Yeah, I was marshalling at the last bend (where there used to be a railway bridge), the Crieff Road/ B915 junction.


----------



## Scoosh (3 Apr 2012)

I went through Crieff on Saturday too  ...

... and I was a big bit sore on Saturday night.

 Well Done You !


----------



## Fubar (3 Apr 2012)

HLaB said:


> Yeah, I was marshalling at the last bend (where there used to be a railway bridge), the Crieff Road/ B915 junction.


 
Well if you saw someone with a red B'Twin, yellow jacket and helmet going reeeaaaallllyyy slowly - that was me! One of your guys clapped some encouragement to me which was welcome, I managed to gasp "I'm almost home!". End of a long ride for me, was just getting in the way of the speed merchants at that point!


----------



## HLaB (3 Apr 2012)

Fubar said:


> Well if you saw someone with a red B'Twin, yellow jacket and helmet going reeeaaaallllyyy slowly - that was me! One of your guys clapped some encouragement to me which was welcome, I managed to gasp "I'm almost home!". End of a long ride for me, was just getting in the way of the speed merchants at that point!


IIRC you were 'just behind the leaders'


----------



## Fubar (3 Apr 2012)

HLaB said:


> IIRC you were 'just behind the leaders'


 
Ha ha ha, it would be the first and last time!!! They were pretty fast, what I saw of them anyway. By the way, IIRC?? Seen that a few times and struggling to think what it stands for?!?


----------



## HLaB (3 Apr 2012)

Fubar said:


> Ha ha ha, it would be the first and last time!!! They were pretty fast, what I saw of them anyway. By the way, IIRC?? Seen that a few times and struggling to think what it stands for?!?

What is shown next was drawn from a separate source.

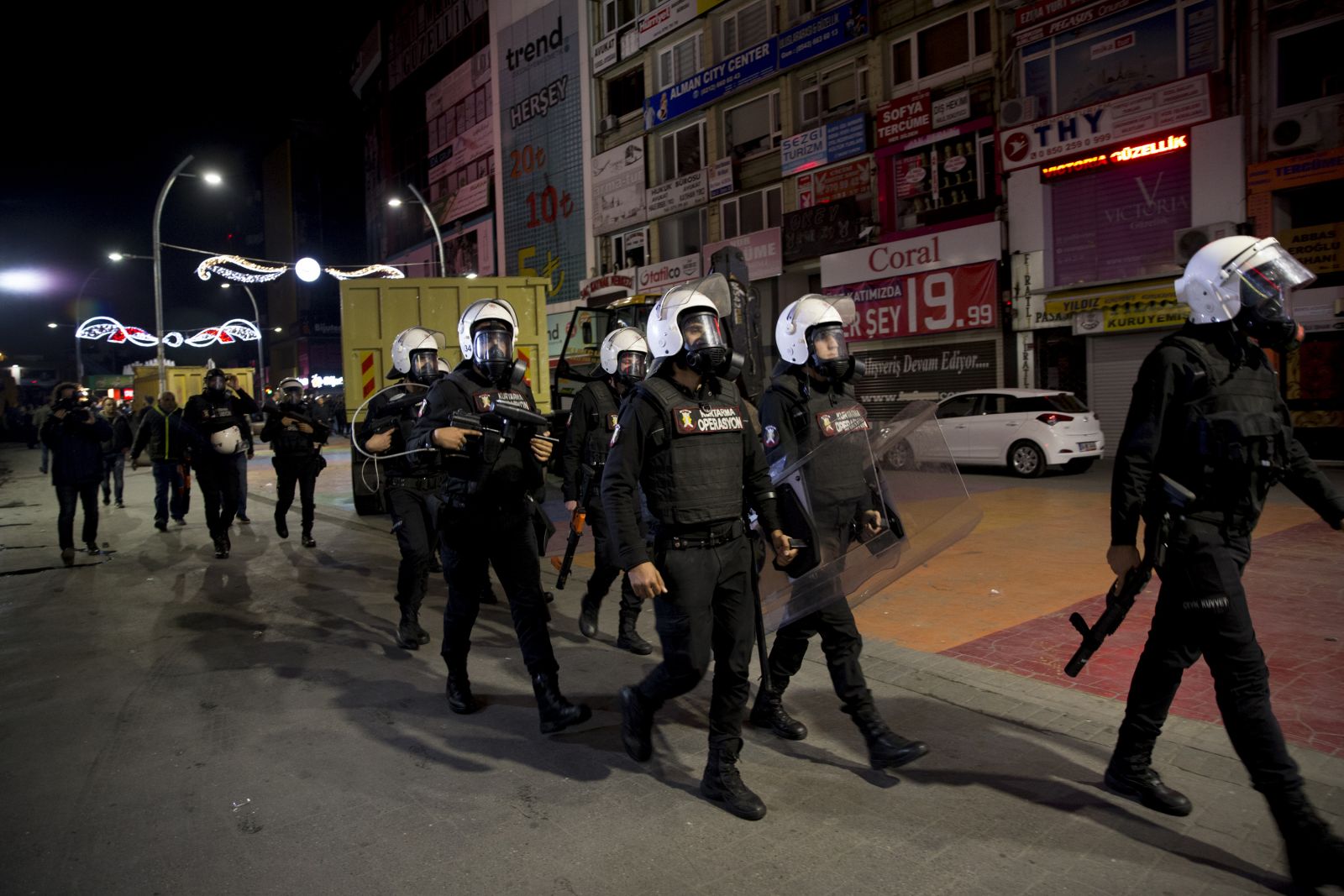 Bakırköy'de yıkım gerginliği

They were pretty fast, my mate done the 50mile course in just over 2 hours (nearly 25mph) and he was 7 & 1/2 minutes down on the leaders 
IIRC just stands for: If I Recall Correctly. There use to be a good sticky with all the used acronyms, being single I had to look up SWMBO


----------



## Fubar (3 Apr 2012)

HLaB said:


> They were pretty fast, my mate done the 50mile course in just over 2 hours (nearly 25mph) and he was 7 & 1/2 minutes down on the leaders
> IIRC just stands for: If I Recall Correctly. There use to be a good sticky with all the used acronyms, being single I had to look up SWMBO


 
Ah, nice one - makes sense now. Being married I know exactly what SWMBO stands for! 

25mph average is mightily impressive, I find 30mph at top speed terrifying!


----------



## HLaB (3 Apr 2012)

Fubar said:


> I find 30mph at top speed terrifying!


Depends the terrain and what I'm doing, 15mph on a narrow twisty road on my own I'll lock up or on any road that's wet or has side roads/ driveways or I just feel like I'm going out of control but on a wider road or in the club I'll do 30+mph without thinking about it. A lot of its psychological (but I'm no good at it ), for me not spinning out helps, I can sometimes go faster on a flat or on a very shallow gradient than I can on a steeper one.


----------